Trump famously popularized the harsh phrase “Crooked Hillary” to denote the dishonesty that he perceived from his opponent. But was there some basis for this statement? It turns out, deception can also be captured by language to some degree, and language analysis is almost as accurate as lie detectors. Most people, when telling the truth about an important situation, will more often use the pronoun “I” (which is in fact the single best predictor of a person’s honesty*) as well as more negative emotion. However, in our case, Clinton used both less “I” and less negative emotion than Trump for most pronouns! This gives some evidence for the validity of Trump’s nickname for Clinton, cruel as it may be… Trump also uses much more negative emotion words in sentences that use pronouns as can be seen above, especially for sentences containing “she”! Trump is known to have misogynist tendencies and now we see why, however this inordinate amount of negativity goes to show his level of honesty as well.

*Taken from Pennebaker, James W. The Secret Life of Pronouns. Bloomsbury Publishing.

Conclusion

We studied the 2016 US presidential campaign of Hillary Clinton and Donald Trump through the quotes reported on the Internet.

Throughout our analysis, we searched for clues that might indicate how both conducted their campaigns, based on who quoted them, what they talked about and how they talked.

From the media bias side, we could not find a difference between how the two candidates were quoted, but our media bias dataset was perhaps not appropriate for a quotes dataset with such a variety of sources. In future work, we might try to impute the bias of all sources by comparing the quotes they report.

We found some very interesting topics from the LDA model we trained, some of which none of us remembered or had heard of.
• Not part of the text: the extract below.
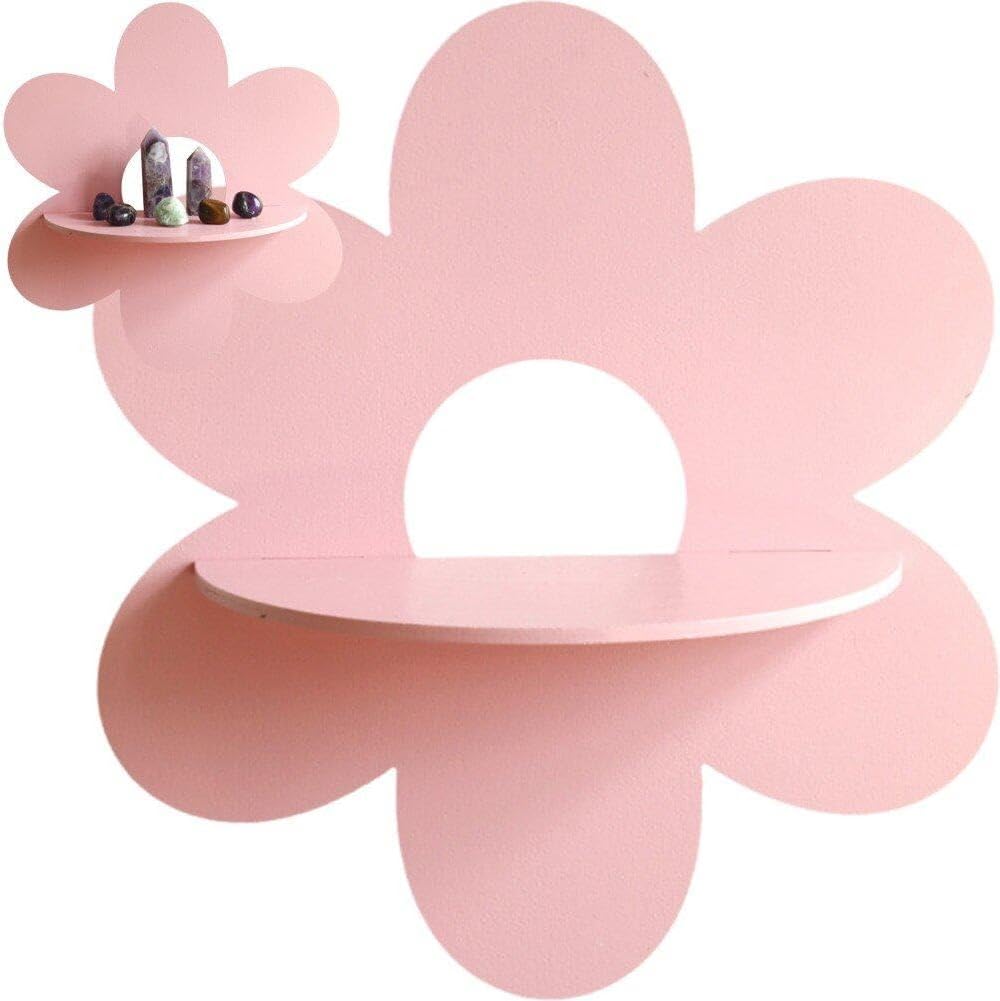 Flower Wall Panel - Bloemvormige wandopbergplank van hout, wanddecoratie, zwevende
The regular expressions we built to extract quotes for some of the topics showed interesting patterns, such as Trump’s obsession with Ted Cruz, as well as more short term trends such as the DNC speech. Overall we are satisfied with the model performance but hope to find better ways to more scientifically classify quotes.
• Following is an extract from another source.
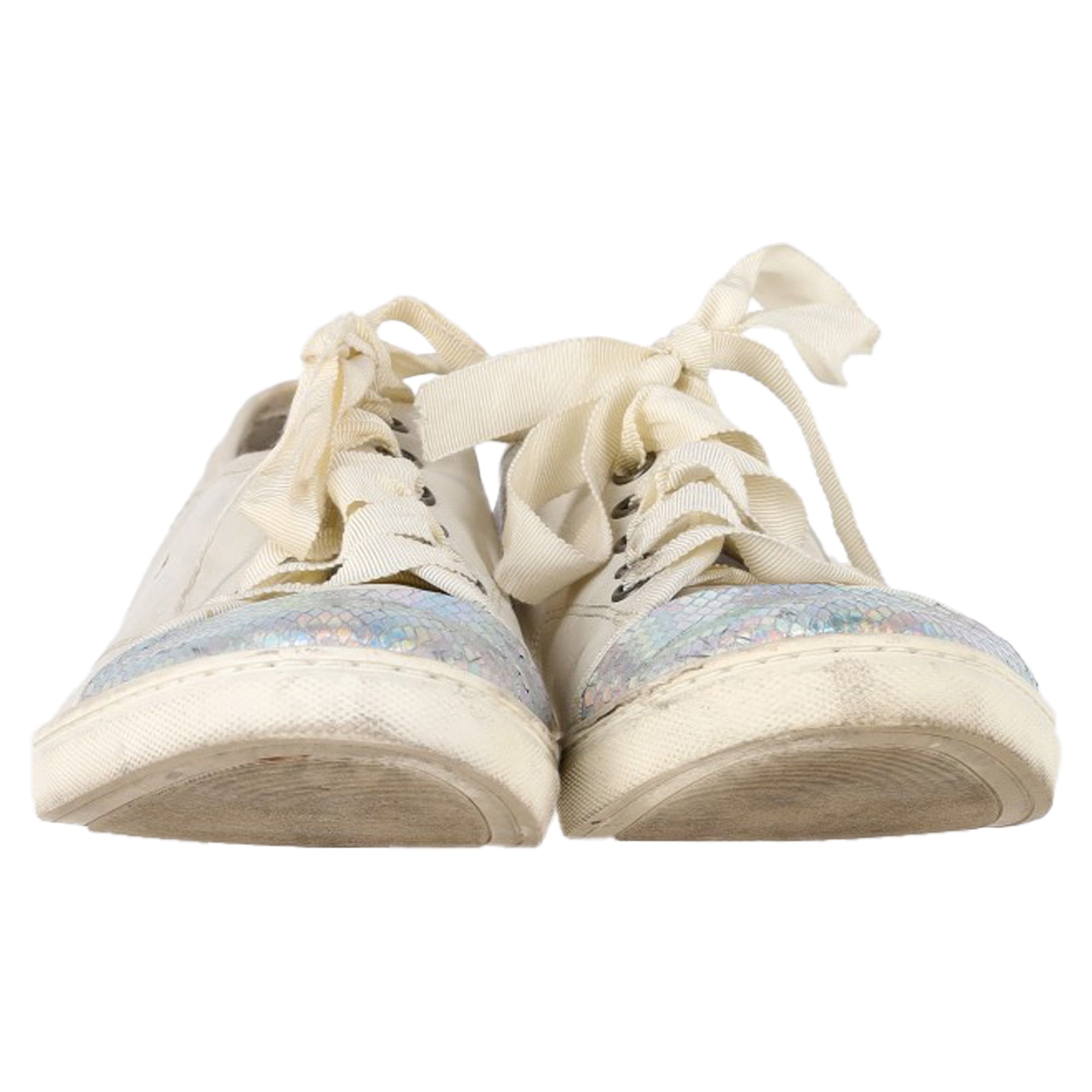 Lanvin Snakeskin-Effect Cap Toe Sneakers in White Leather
From the language side, it is a mixed bag: it seems that both candidates are similar in terms of intellectuality, while in terms of pronouns, there are clear differences in usage between the two, for example Clinton uses “she” in positive sentences more often.

In sum, while it is difficult to draw strong conclusions from our analysis, we have extracted some interesting information from the quotes database. Trump spoke more on certain topics (including conspiracy theories), and this might have given him the edge and put him over the top.